Maurice’s mind during his last illness hovered between his anxiety for the Dutch people and for his own dynasty; he commanded his brother to save Breda and to find a wife. As far as the latter duty went, Frederick Henry was willing enough; it seemed that he had for some time loved a buxom young maid-of-honour of the Queen of Bohemia. Dowerless but for her peerless beauty—so the courtly Venetian ambassador put it[8]—Amalia von Solms was nevertheless welcome to the dying Maurice as the instrument through whom the dynasty should be continued. She was the daughter of a noble German house devoted to the interests of the dispossessed Frederick, and she would bind her husband closely to that Rhenish alliance which was likely to be the only means of breaking Spanish power on the Rhine. The wedding was privately solemnized in The Hague early in April; a few days later Maurice died, and the bridegroom left the capital at the head of an army bound for Breda.[9]

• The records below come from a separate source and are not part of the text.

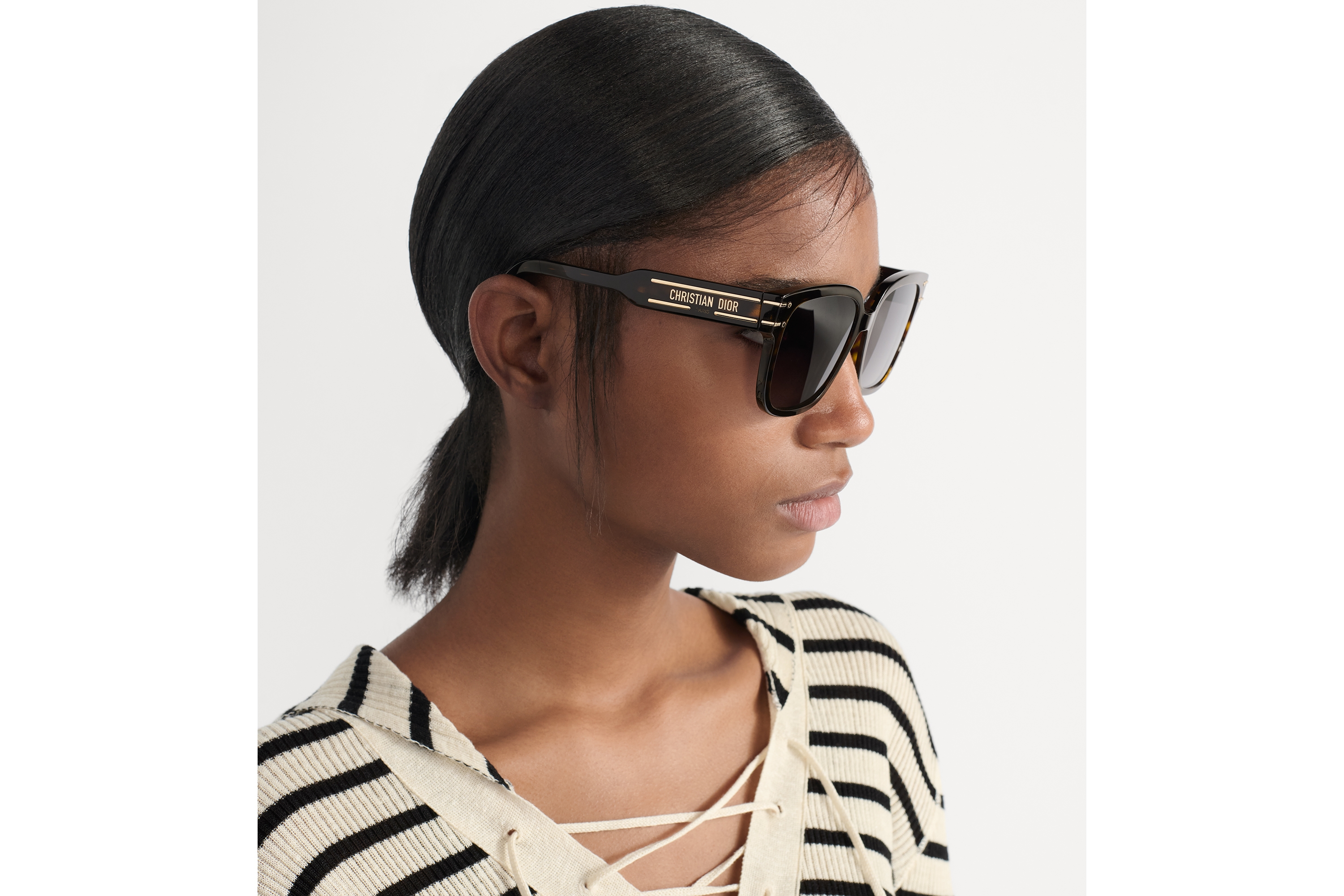 Look DiorSignature S7F Deep Brown Tortoiseshell-Effect Square Sunglasses E09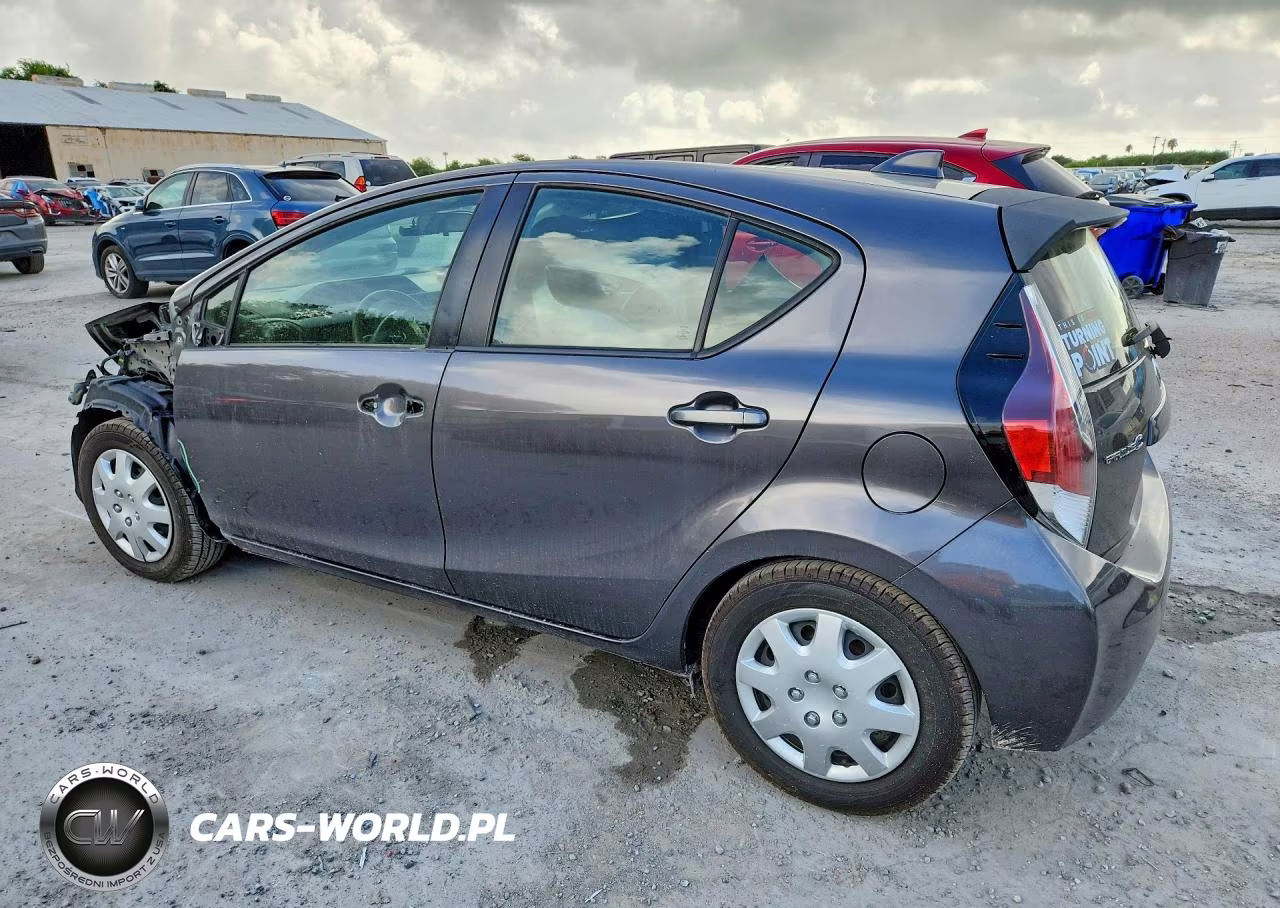 2015 Toyota Prius C One VIN:JTDKDTB38F1586214 - 2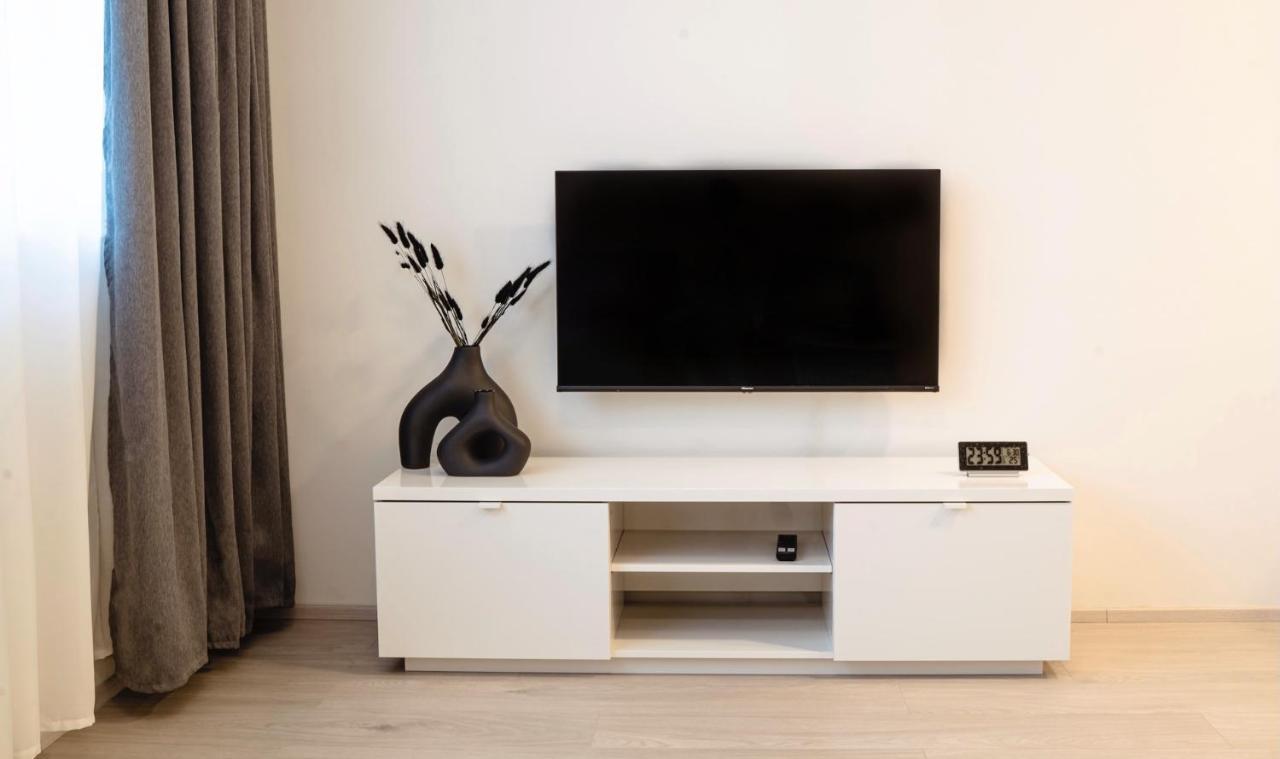 Tran Chien Apartment With Free Private Parking Prague Luaran gambar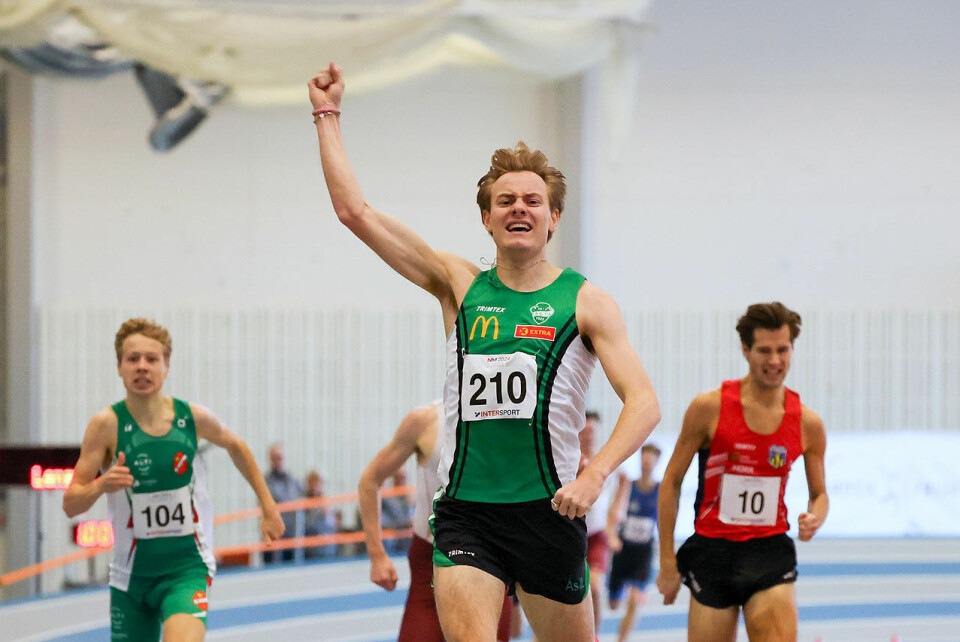 Ole Jakob Solbu kunne strekke handa i været som vinner av 800 meteren i NM innendørs. (Foto: Arne Dag Myking) Ole Jakob Solbu kunne strekke handa i været som vinner av 800 meteren i NM innendørs. (Foto: Arne Dag Myking)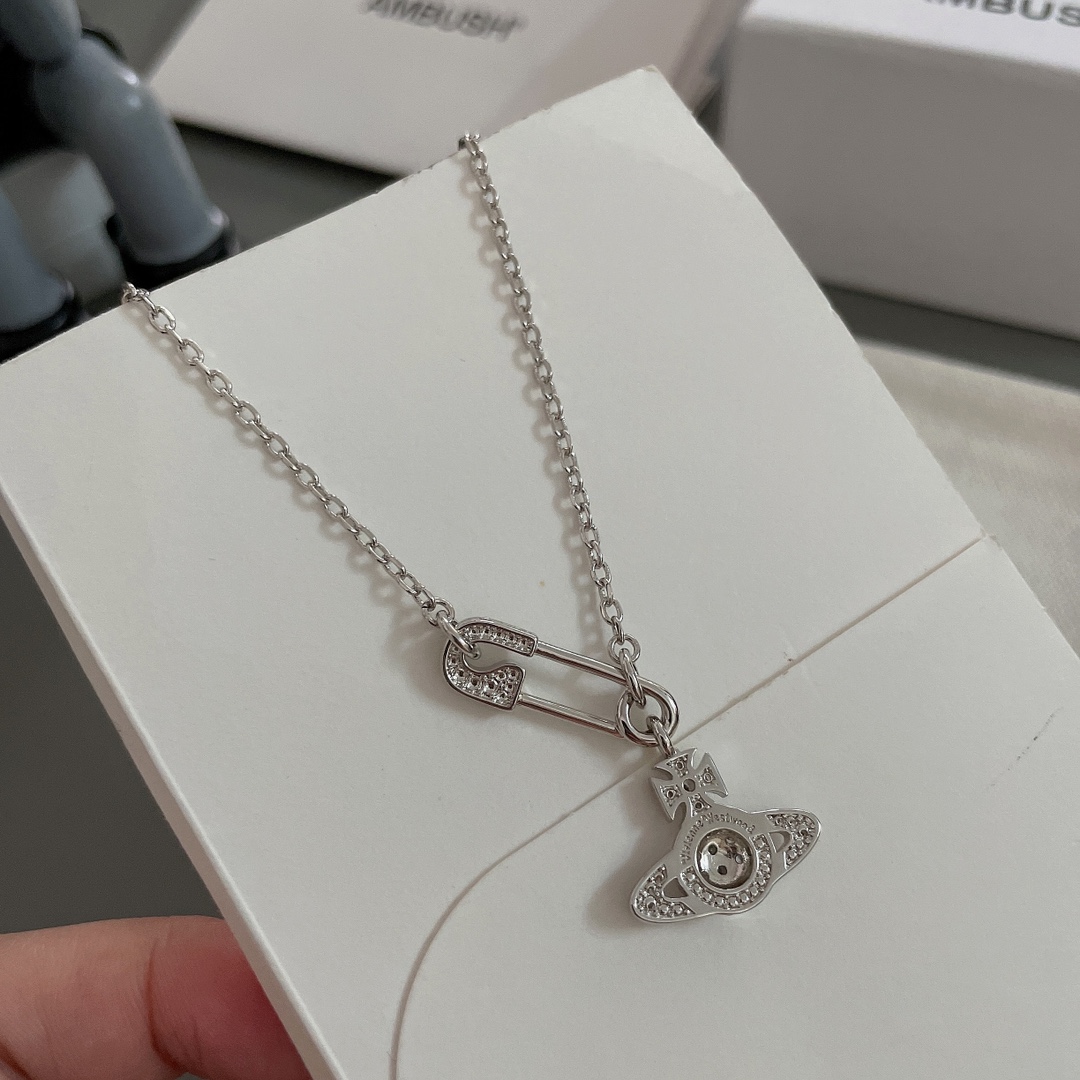 VivienneWestwood necklace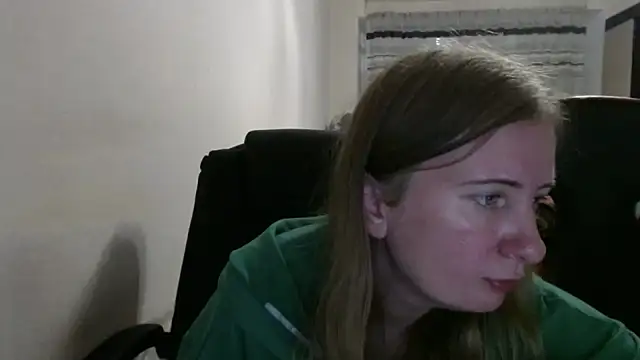 Snapshot of PeterAndJen chatting on 10/17/25, 07:38 PeterAndJen online show from 10/17/25, 07:38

Spinola’s outworks proved too strong for the Dutch relieving force to break through. Frederick Henry hoped in vain that Mansfeld would bring up his English troops to the rescue, but James I wished them to be employed rather in north Germany,[10] and they themselves, or such as were left of them after a winter spent without pay and short of all necessities of life, took the law into their own hands and deserted wholesale to the Spaniards.[11] Defeated at last by hunger, the garrison of Breda sued for terms, and on June 5th 1625 marched out with the honours of war after a defence of more than six months. Spinola himself, deeply moved, embraced the Dutch commander before the whole army.[12]
The Hapsburg dynasty could now set off the help of Wallenstein against the help which their enemies might receive from France, the fall of Breda against the seizure of the Val Telline. There remained that dangerous northern coalition, and here too the dynasty had a plan. The possible alliance of Sweden, Denmark, England and the United Provinces left one jealous northern power in the cold, the Hanseatic League. In February 1625, Olivarez dropped hints to the Austrian ambassador in Madrid,[13] and in April the Spanish ambassador at Vienna approached the Emperor with a scheme, by which the Hanseatic League were to be tempted into an alliance with the Hapsburg dynasty by the offer of a fleet to protect them against their rivals, and special trading preferences in the Spanish Indies—so many bribes to make Lübeck, Stralsund, Hamburg and Bremen into naval bases on the Baltic.[14]